Parasite Immunol. 2008 Nov-Dec;30(11-12):620-9
Apoptotic pulsed dendritic cells induce a protective immune response against Toxoplasma gondii
Bertaux L, Mevelec MN, Dion S, Suraud V, Gregoire M, Berthon P, Dimier-Poisson I.
Université François Rabelais; INRA; UMR 0483 Université-INRA d'Immunologie Parasitaire et Vaccinologie, Biothérapies anti-infectieuses, IFR 136 Agents Transmissibles en Infectiologie, UFR des Sciences Pharmaceutiques, Montpellier, France.
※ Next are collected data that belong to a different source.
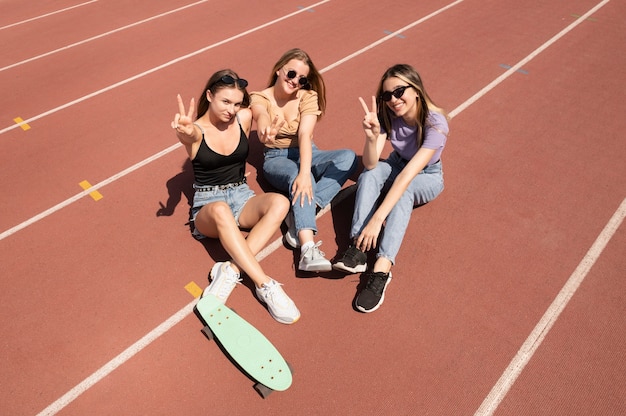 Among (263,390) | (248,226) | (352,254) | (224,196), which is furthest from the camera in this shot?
(248,226)

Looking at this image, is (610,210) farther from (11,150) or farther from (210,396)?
(11,150)

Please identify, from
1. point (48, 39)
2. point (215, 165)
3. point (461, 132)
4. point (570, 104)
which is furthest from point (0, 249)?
point (570, 104)

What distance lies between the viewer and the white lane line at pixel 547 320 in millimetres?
3240

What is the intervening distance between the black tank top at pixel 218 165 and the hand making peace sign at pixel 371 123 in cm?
113

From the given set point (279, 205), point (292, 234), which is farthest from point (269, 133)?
point (292, 234)

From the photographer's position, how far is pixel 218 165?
388 centimetres

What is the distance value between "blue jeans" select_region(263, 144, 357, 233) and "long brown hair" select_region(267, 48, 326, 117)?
52 cm

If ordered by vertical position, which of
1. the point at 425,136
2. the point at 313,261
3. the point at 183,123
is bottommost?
the point at 313,261

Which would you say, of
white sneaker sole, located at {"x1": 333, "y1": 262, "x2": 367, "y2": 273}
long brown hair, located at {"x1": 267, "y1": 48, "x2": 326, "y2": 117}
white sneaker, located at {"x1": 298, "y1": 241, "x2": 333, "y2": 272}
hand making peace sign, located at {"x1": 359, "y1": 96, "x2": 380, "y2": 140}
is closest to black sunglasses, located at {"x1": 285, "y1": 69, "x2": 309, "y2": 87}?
long brown hair, located at {"x1": 267, "y1": 48, "x2": 326, "y2": 117}

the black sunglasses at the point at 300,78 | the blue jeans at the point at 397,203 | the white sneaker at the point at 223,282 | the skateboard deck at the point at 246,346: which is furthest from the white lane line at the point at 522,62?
the skateboard deck at the point at 246,346

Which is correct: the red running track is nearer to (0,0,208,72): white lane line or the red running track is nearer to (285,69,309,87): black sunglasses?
(0,0,208,72): white lane line

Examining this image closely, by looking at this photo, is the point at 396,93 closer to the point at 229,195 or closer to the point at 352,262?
the point at 352,262

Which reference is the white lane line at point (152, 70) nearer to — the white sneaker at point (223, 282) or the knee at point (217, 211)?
the knee at point (217, 211)

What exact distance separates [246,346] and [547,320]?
2.60m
Infection with the intracellular protozoan parasite Toxoplasma gondii may cause severe sequelae in foetuses and life-threatening neuropathy in immunocompromised patients. We recently reported that vaccination with T. gondii-pulsed dendritic cells induces protective humoral and cellular immune responses against this intracellular pathogen in CBA/J mice. We assessed the feasibility of using a nonlive vaccine, by inducing the apoptosis of T. gondii-pulsed dendritic cells before injecting them into mice. Apoptosis was induced by culturing cells to confluence. We investigated whether these apoptotic T. gondii-pulsed dendritic cells elicited an immune response in vivo. Some studies have shown that immunization with apoptotic cells leads to the activation of innate and adaptive immune mechanisms. Our results are consistent with apoptotic cells having immunomodulatory properties in a model of parasite infection. We showed that the adoptive transfer of T. gondii-pulsed apoptotic dendritic cells elicited humoral and cellular Toxoplasma-specific immune responses with a Th1/Th2 profile, and conferred specific protection. The protective immune response induced was independent of inducible HSP70 production by apoptotic dendritic cells.